Industry Analysis of Roast Ltd
As studied by Petkovic (2018) Starting with the establishment of a local caffeine and running its operations in the year 2017, Roast Ltd has gained customer support and popularity till the end of 2018, because of the rich and high Italian culture, providing the accessibility support of Wi-Fi and also providing the rich quality of coffee to the customers, which stands to be the satisfied reason for them at affordable prices.
ROAST LTD | ||
KEY PLAYERS OF ROAST Ltd | Roast Ltd was a small and independent in its activities, that was the most strong point of it and it served the best qualities by using the Italian culture which was strong factor of liking coffee. | Starting its operations in 2017, it has expanded itself in a good manner, keeping the years of its working to be sustainable by planning expansions in Romania in the year 2019. |
CHALLENGES FACED BY ROAST Ltd | Faces a huge competition from the emerging players, and local caffeine’s also whose brand image is strong as contradicted by (Bradley et al., 2018) | In the year 2017 the demand and customers were very few, that resulted in low sales and a good start for company. |
Roast Ltd Business Performance
Statements of Profit and Loss A/Cs
Company started its operations in the year 2017, but was successful in gaining good revenue in the year 2018 that boosted the growth and sales as a whole from revenue of £2022 in the year 2017, it directly aimed to revenue of £2534 in the year 2018, which results that demand for coffee and customers both are increased.

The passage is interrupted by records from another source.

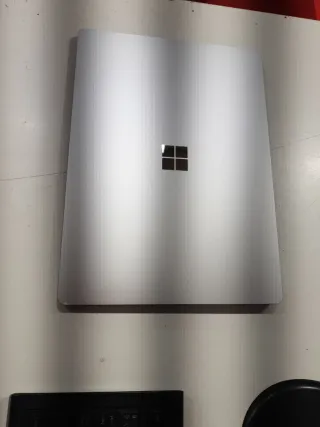 Microsoft Surface Laptop 4 i5-11gen Gris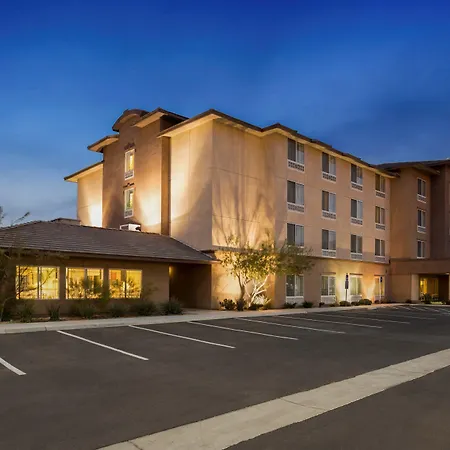 Holiday Inn & Suites - Barstow By Ihg-3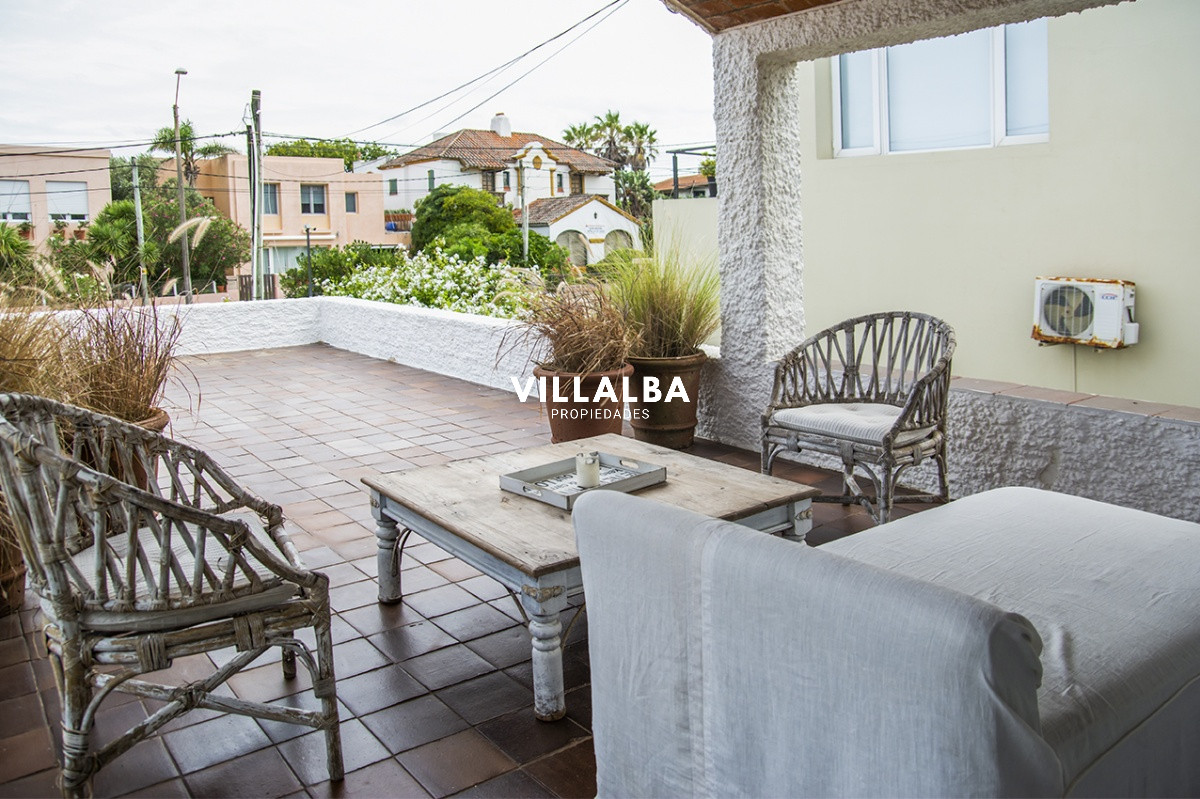 Casa ID.2673 - Hermosa casa en venta en zona de la península.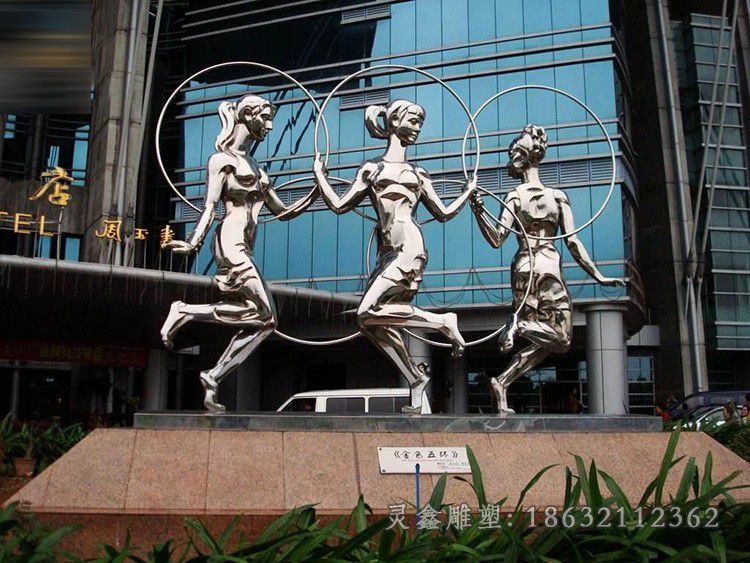 不锈钢跳舞美女景观雕塑
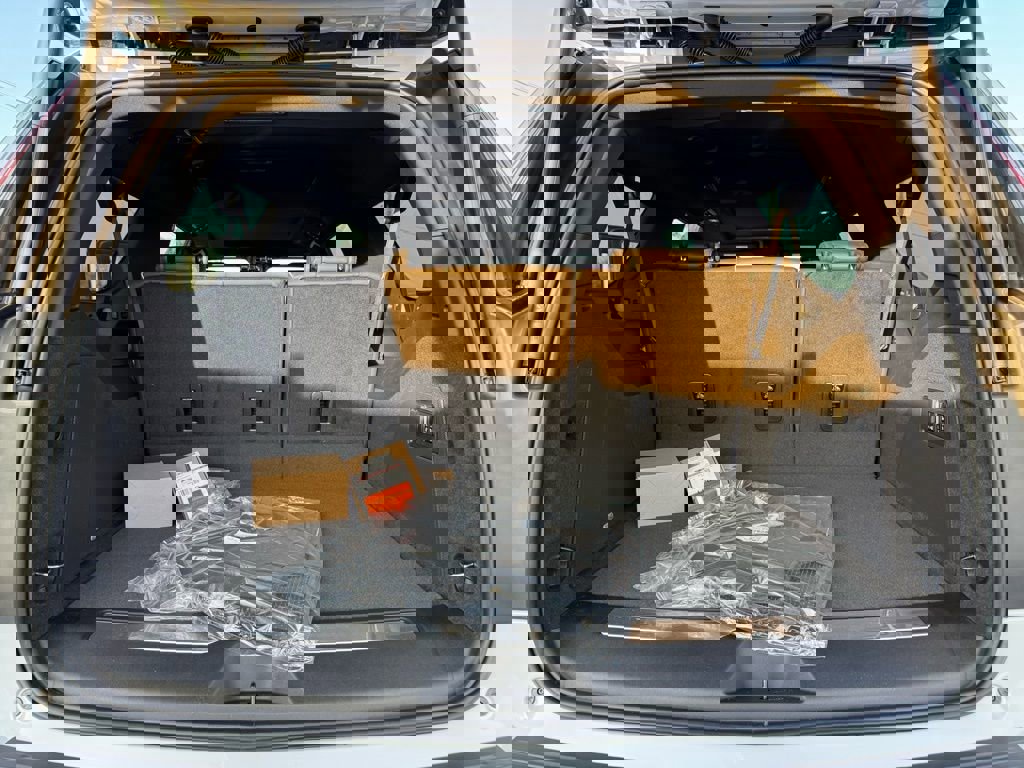 New 2026 Cadillac Escalade ESV Sport w/ LPO, ONYX Package image 37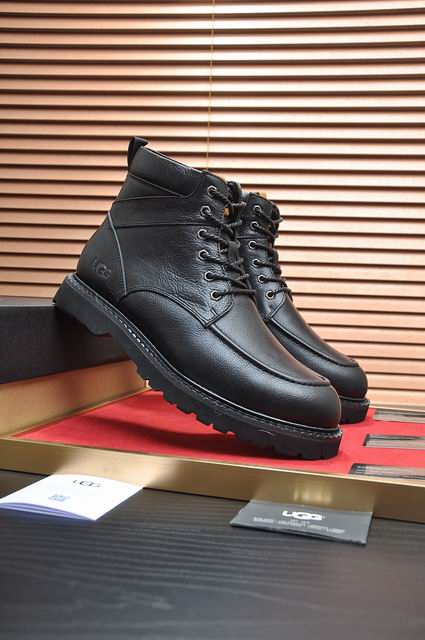 UGG Men's Black Pebbled Leather Shearling-Lined Work Boots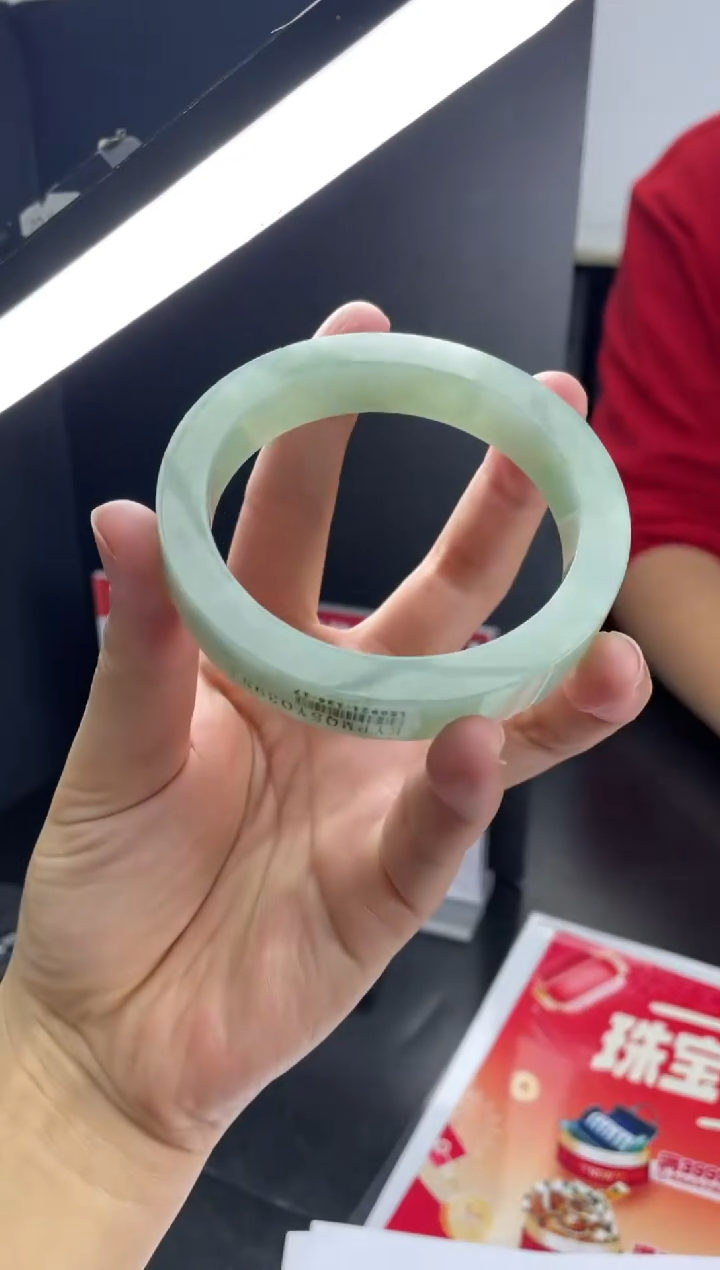 【闪购商品】定制翡翠手镯未镶嵌手镯DDH/发一件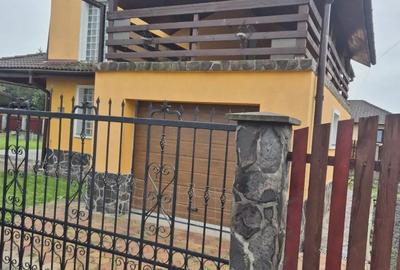 Casă cu 3 camere în Ernei - 1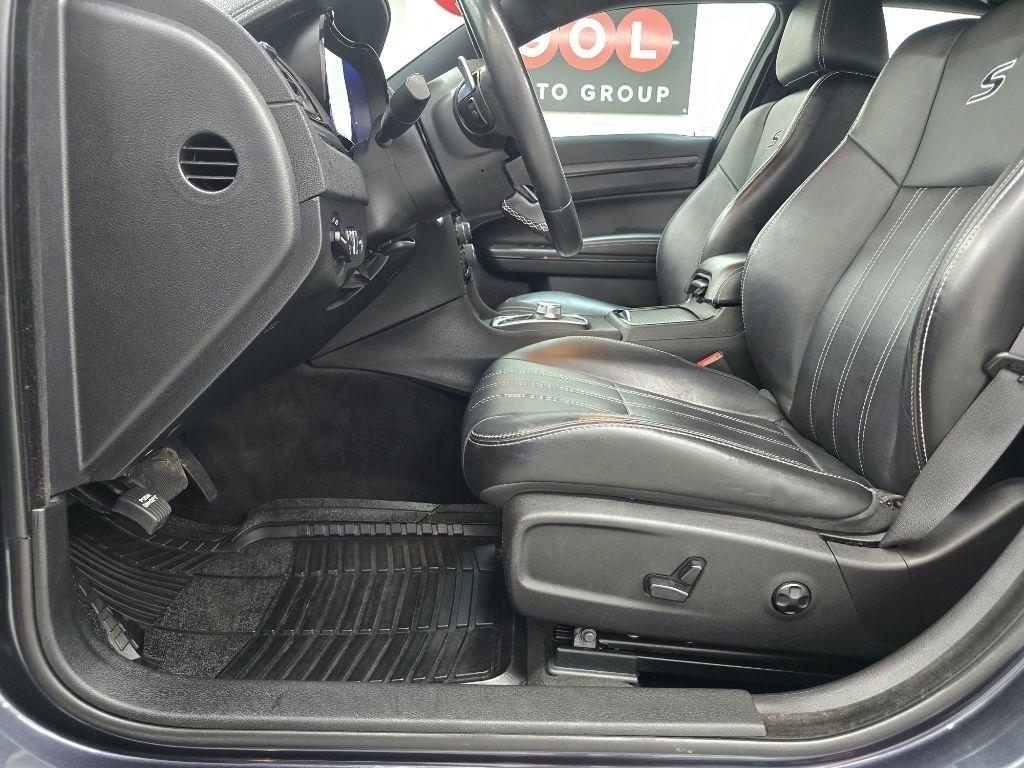 Chrysler 300 S V6 RWD 2016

To keep the consistency, different expenses for the better efficiency of the operations were also incurred, in the year 2017 there were no operating expenses but in the year 2018 operating expenses of £60 were incurred to maintain the effective balance between growth and daily requirements. Financial ratios like gross profit ratio, operating profit ratios helps to compare the growth by making a comparison between the year 2017 and 2018 as opined by (Grewatsch et al.,2017)
Calculation of Gross Profit Ratio
Figure- Computation of Gross Profit Ratio
(Source- Excel)
The above graph ascertains that the profits that were generated by Roast ltd were higher in the year 2018, and the revenues that were generated were inclusive of the revenues that were generated by the operations from both United Kingdom and Romania. From Romania it earned a revenue of £350, and from United Kingdom revenue of £2184. All the expenses that were related to legal cost were paid off in the year 2017 of the amount £28.7 which was a good step taken by the company because it was not affordable by the company to bear all the expenses in the year 2018 as studied by Crain (2019) Legal charges were ascertained more in the year 2017 because it had made new investments into the properties also and in Romania also that was indirectly a good step for the company, because from the operations there it fetched a good revenue in the year 2018. With the balance of its investments and legal charges, it reduced its expenses of legal formalities in the year 2018 to £3.6.
With the generation of more revenues and profit in the year 2018, the tax structures to pay has also increased. In the year 2018 the tax expenses were computed to £20 whereas in the year 2017 the tax was only £9, which shows the major difference. With the payments of tax structures company’s revenue model can be analysed effectively. To maintain day to day activities everyday storage costs are also incurred to look after the environment due to which the expenses made were of £44.6 to give the ambience the most perfect look in the locality as being the coffee bar the main aim stands to be this. Promotional activities to expand and grab the attention of the local customers also resulted in marketing expenses of £20.1 so to result in more sustainable production.
Calculation of Operating Profit Ratio
Operating Profit Ratio= Operating Profit/Net sales*100
Figure- Computation of Operating Profit Ratio
(Source- Excel)
As contradicted by De Oliveira (2019) The above graph ascertains that operating profit ration in the year 2018 is 5.01% whereas in the year 2017 it was 2.52%, that states the growth of the operating profit by a good amount as in the year 2017 operating profits were of £51, whereas in the span of one year it witnessed the profit of £127 in the year 2018 which it has gained through the rich cultural heritage. Supply costs has also been increased as the activities to trade coffee beans from Italy costs high, but still Roast Ltd serves to aim the coffee of the best heritage culture due to which suppliers cost were increased up to £29.2 in the year 2018. Company aims in the retention of employees and does not hire the new ones because then it would cost an extra expenditure of additional salary, making the one-time investment on the trainings of employees. In the year 2017 the employee expenses due to training costs to £269.9 whereas in the year 2018 the employee expenses were restricted to £227.2 which reflects the stability model of Roast Ltd in which both the employees are happy with the company and are serving for long.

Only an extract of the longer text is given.